Exercise aim
Transcribe exactly the lines from the one containing "Kuartz HD professional" through the last line of the listing below, inclusive, and nothing beyond them.
──────── Listed records ────────
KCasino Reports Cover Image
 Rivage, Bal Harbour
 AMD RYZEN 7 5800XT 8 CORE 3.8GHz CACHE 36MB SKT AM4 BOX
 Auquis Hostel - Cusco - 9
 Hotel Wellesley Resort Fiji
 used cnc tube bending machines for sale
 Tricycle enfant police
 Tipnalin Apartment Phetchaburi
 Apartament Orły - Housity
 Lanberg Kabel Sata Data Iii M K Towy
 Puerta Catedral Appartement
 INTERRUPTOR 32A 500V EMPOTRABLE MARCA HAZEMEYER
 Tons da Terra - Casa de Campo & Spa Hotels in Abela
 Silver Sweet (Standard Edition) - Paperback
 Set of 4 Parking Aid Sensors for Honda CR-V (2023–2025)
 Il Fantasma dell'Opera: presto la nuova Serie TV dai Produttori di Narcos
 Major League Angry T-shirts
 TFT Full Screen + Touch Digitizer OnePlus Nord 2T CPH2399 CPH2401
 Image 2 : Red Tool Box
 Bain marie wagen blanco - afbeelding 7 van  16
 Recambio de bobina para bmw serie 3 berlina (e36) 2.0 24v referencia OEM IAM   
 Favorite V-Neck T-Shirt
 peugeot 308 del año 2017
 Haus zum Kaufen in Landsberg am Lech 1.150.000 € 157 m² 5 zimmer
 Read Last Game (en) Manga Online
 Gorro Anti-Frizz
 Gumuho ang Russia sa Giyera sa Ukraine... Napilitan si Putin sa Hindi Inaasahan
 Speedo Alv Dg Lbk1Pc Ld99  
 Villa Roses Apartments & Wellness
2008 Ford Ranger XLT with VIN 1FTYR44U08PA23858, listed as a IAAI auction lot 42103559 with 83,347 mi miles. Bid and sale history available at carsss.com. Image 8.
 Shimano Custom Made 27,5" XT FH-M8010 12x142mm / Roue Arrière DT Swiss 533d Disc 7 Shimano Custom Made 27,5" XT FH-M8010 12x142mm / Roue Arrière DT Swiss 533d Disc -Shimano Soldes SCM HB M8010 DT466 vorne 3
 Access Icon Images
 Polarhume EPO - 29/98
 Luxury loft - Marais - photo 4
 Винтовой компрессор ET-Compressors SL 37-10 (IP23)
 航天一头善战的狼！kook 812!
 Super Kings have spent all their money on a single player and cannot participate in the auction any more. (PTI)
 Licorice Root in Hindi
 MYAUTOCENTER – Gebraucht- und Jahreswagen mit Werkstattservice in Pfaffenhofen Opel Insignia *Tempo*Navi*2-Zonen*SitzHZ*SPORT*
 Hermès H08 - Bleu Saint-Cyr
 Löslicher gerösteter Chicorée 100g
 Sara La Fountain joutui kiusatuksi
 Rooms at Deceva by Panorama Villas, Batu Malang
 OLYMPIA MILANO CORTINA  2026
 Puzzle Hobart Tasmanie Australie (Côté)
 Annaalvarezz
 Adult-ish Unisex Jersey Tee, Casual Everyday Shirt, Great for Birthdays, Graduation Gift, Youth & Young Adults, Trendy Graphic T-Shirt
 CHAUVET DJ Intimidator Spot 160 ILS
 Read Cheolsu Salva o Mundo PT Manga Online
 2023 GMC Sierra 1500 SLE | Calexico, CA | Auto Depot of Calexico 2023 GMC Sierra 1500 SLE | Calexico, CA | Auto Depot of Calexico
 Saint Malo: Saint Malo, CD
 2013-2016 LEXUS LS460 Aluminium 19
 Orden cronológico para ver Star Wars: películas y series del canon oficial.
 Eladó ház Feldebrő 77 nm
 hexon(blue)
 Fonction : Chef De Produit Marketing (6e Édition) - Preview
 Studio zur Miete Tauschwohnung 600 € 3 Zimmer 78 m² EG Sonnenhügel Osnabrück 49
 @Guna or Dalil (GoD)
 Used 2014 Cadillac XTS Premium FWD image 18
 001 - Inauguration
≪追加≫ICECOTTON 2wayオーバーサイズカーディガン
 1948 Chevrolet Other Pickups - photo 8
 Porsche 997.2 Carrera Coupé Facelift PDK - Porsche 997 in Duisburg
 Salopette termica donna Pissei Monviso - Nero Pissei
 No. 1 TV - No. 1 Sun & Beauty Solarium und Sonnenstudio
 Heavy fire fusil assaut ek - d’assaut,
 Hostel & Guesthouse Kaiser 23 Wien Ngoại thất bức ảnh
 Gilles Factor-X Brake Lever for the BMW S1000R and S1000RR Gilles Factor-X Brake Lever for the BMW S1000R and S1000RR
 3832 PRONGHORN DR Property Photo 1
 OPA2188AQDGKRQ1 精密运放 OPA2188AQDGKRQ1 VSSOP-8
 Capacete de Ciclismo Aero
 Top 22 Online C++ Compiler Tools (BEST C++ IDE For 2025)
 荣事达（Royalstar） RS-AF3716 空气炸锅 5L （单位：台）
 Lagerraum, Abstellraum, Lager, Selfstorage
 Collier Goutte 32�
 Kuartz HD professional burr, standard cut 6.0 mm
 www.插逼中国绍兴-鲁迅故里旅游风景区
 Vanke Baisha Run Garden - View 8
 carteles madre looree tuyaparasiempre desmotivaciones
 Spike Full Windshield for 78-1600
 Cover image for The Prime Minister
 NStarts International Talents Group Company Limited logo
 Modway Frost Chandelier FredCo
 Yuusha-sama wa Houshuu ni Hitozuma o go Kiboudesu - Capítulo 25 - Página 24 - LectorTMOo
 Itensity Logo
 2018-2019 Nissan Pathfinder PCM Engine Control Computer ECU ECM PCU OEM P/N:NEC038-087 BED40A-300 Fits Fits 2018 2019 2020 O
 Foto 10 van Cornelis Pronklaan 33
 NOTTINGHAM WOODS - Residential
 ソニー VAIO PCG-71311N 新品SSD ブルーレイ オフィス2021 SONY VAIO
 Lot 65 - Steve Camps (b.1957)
────────
Reply
 Kuartz HD professional burr, standard cut 6.0 mm
 www.插逼中国绍兴-鲁迅故里旅游风景区
 Vanke Baisha Run Garden - View 8
 carteles madre looree tuyaparasiempre desmotivaciones
 Spike Full Windshield for 78-1600
 Cover image for The Prime Minister
 NStarts International Talents Group Company Limited logo
 Modway Frost Chandelier FredCo
 Yuusha-sama wa Houshuu ni Hitozuma o go Kiboudesu - Capítulo 25 - Página 24 - LectorTMOo
 Itensity Logo
 2018-2019 Nissan Pathfinder PCM Engine Control Computer ECU ECM PCU OEM P/N:NEC038-087 BED40A-300 Fits Fits 2018 2019 2020 O
 Foto 10 van Cornelis Pronklaan 33
 NOTTINGHAM WOODS - Residential
 ソニー VAIO PCG-71311N 新品SSD ブルーレイ オフィス2021 SONY VAIO
 Lot 65 - Steve Camps (b.1957)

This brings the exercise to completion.